Il se rendit à l’auberge du village, y prit une miche de pain frais, quelques tranches de viande froide, une galette, une bouteille de vin blanc, deux fourchettes, deux assiettes et un seul verre, serra le tout dans un panier, et, ce panier au bras, il se hâta de regagner les bords de l’Eyre et la solitude où il avait laissé Marguerite. Il la retrouva couchée sur l’herbe et endormie. Il s’assit auprès d’elle, respectant son sommeil. Par instans, il voyait remuer ses lèvres et ses doigts se crisper autour de la croix d’argent qui pendait sur son fichu rouge. Elle dormait et rêvait : il lui semblait qu’au moment de quitter Ornis, la mort, émue de pitié, l’avait prise sans secousse, sans douleur, emportée dans un monde où il n’y avait ni châteaux, ni greniers, ni orangeries, où l’on ne voyait point de Bertrand, point de comte d’Ornis, point de Joseph, dans un monde divin où l’on ne pensait à rien, où l’on pouvait dormir d’un plein somme, car c’était de cela qu’elle avait besoin, de ne plus entendre parler, de rafraîchir ses lassitudes, de noyer ses souvenirs et ses terreurs dans un oubli sans fond.

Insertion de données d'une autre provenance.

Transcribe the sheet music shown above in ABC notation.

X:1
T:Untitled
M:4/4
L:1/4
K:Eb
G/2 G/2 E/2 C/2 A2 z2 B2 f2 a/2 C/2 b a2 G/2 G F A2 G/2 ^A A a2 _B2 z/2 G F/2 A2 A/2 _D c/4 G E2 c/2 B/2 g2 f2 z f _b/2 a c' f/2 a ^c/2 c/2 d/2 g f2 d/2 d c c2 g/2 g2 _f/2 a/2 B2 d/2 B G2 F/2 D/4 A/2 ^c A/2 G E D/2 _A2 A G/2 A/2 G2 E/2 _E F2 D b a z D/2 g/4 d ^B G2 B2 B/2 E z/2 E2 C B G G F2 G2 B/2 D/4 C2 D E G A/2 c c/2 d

Détachée de la terre, son âme se détendait, nageait au sein d’un immense repos, d’un silence infini, qu’interrompait la douceur d’une musique vague, pareille à la voix lointaine d’un orgue qui s’assoupit.

Joseph finit par s’impatienter et frappa ses mains l’une contre l’autre. Elle tressaillit, rouvrit les yeux et s’aperçut qu’elle n’avait pas quitté la terre, qu’elle était couchée au bord d’un ruisseau qui parlait, près d’un bois à qui le vent murmurait son nom, que décidément elle n’était pas morte, que le couteau l’attendait toujours. Elle se dressa brusquement sur son séant, agitée d’une sourde colère. Elle était donc jusqu’au bout à la merci de ses illusions ; comme la vie, la mort la trompait. Sa colère s’en prit à l’univers entier, et surtout à Joseph. Pourquoi l’avait-il réveillée ? que n’avait-il profité de son sommeil pour en finir ? Il fallait donc recommencer à vivre jusqu’au soir.

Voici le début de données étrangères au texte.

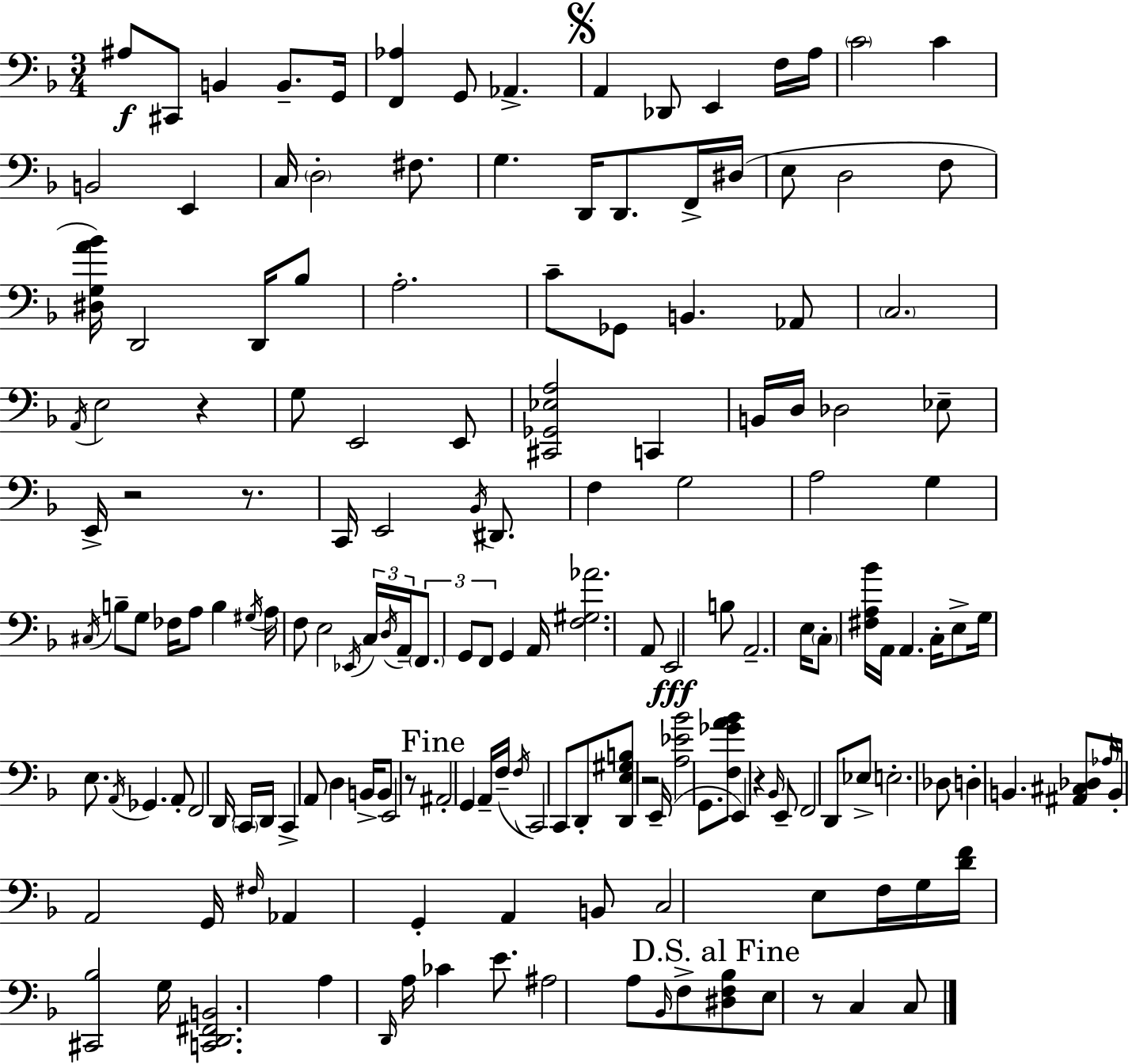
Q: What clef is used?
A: bass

Elle ne répondit que par de secs monosyllabes aux questions qu’il lui adressait, ne toucha que du bout des lèvres à son dîner, et refusa de boire du vin, peut-être parce qu’il n’avait apporté qu’un verre. Sur la fin du repas, elle s’en fut se désaltérer au ruisseau, se faisant une coupe du creux de ses mains.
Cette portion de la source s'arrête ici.